Release is not collapse; it’s dynamic support – some things engaging while others soften.
Try this:
Standing or sitting, feel your feet on the floor, and witness the ground supporting you below.
Then sway gently side to side until you feel your weight settle evenly through your feet or sitz bones.
Soften your knees, relate your knees to the middle of your feet. Now witness your hips. Notice how your pelvic bowl mirrors the downward bowl of your diaphragm. Notice how your ribs float over the pelvis and how your ears float over the ribs. Take your attention back down into the ground and then imagine a fountain moving right up through the top of your head. Repeat that image a few times.
Notice any areas of static engagement, and look at them with curiosity and gentleness.

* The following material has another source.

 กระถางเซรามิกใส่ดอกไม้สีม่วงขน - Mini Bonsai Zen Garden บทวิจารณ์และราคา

Does this affect your energetic relationship to yourself or change the way you’re noticing your breath?
Reflection:
Where in your body do you feel ease or engagement? What happens when you give these areas gentle, curious attention?

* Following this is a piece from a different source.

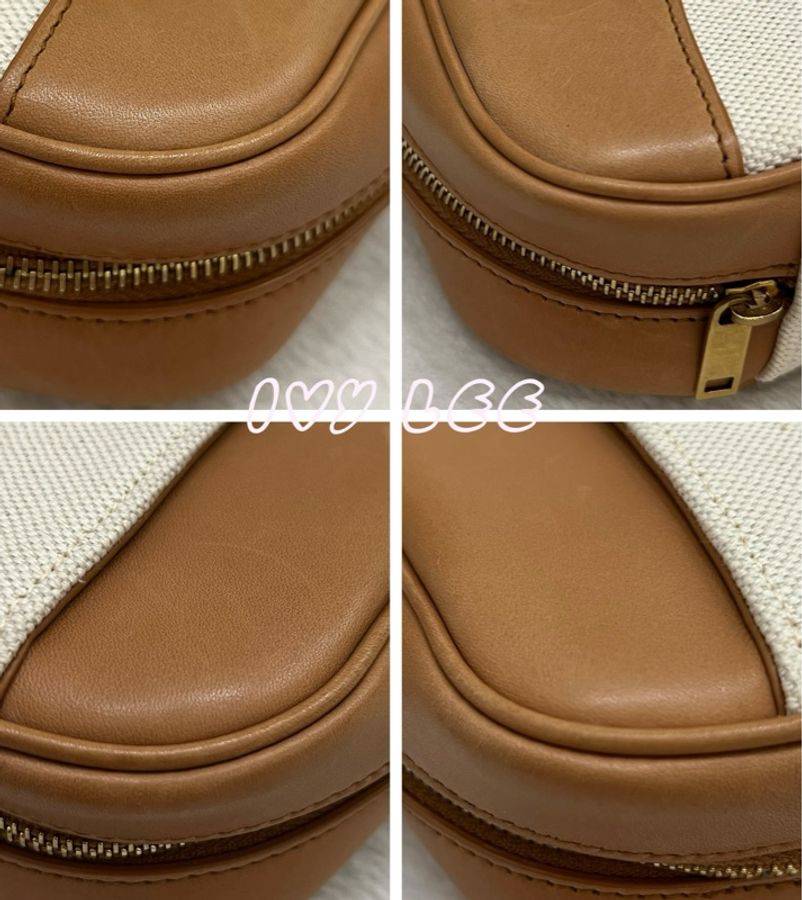 SAINT LAURENT YSL Monogramme 675260 牛皮拼接帆布 心型斜背包肩背包 米/咖 二手精品-9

2. BREATH — The Invigorator

You already know – no breath, no vibration. Your breath system connects body movement and vocal vibration. And keeps you alive. Thanks! 🫁
We want to allow air to move efficiently in and out of a responsive torso.
Core ideas:
Breath is always moving.
The torso can be supple, and there are many ways to breathe both in and out when we sing different styles.
Try this:
Let out all your air.
Then allow the breath to fall in through your nose by releasing your belly and watching your ribs open.
Notice how your body inhales and exhales itself; it knows how to breathe all night as you sleep.
Reflection:
When you sing, do you feel like you have to make the breath happen? Or watchand collaborate with it?

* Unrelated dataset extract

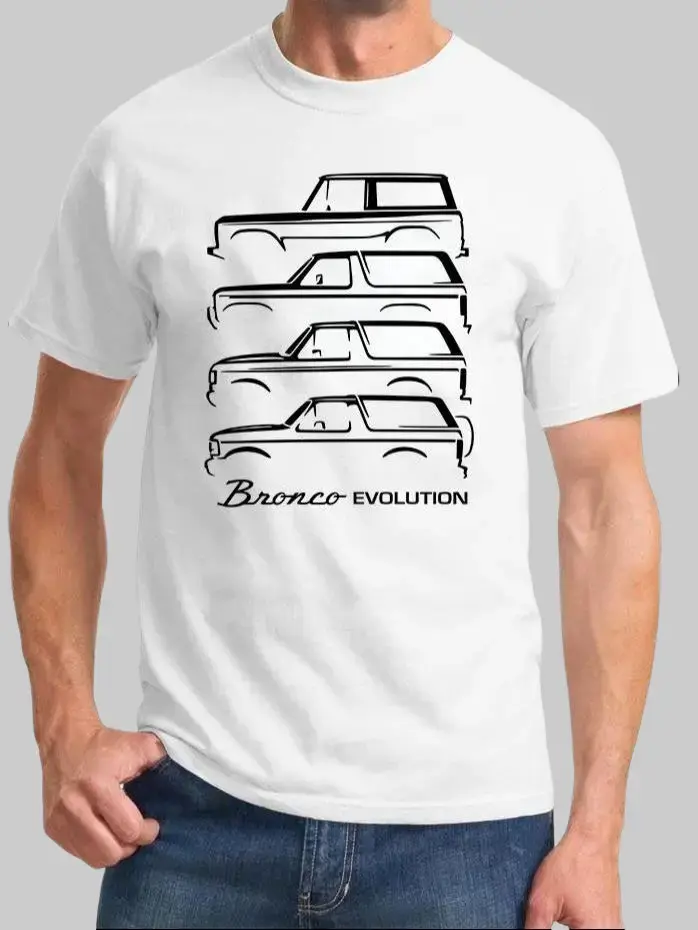 1966-1992 Ford Bronco Evolution Classic Car Enthusiasts T-Shirt Hoodie Sweatshirt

3. PHONATION — Where Vibration Happens
This is where the breath creates and energizes sound: the vibration of your vocal folds.
Phonation is not a push or squeeze. It’s a coordination of air velocity and tissue that creates vibration.
Core ideas:
Your folds need just enough closure, a balanced event, and you’re going to have different kinds of closure and phase rates depending on what kind of style or phrase you’re singing.
Balance happens when breath flow and closure get to collaborate.
Your tone quality changes when that relationship shifts. And there are all kinds of shifts you can work with.
Try this:
Close your lips, let some air move out through your nose, then hum softly in a very comfortable pitch range.
Then, open your mouth and let a sigh out on whatever vowel you like.
Repeat and notice how the vocal folds begin to vibrate. Know that the movement of your air helps your folds come together. Starting with a little bit of exhale before the vibration helps our brain to see the different components of onset.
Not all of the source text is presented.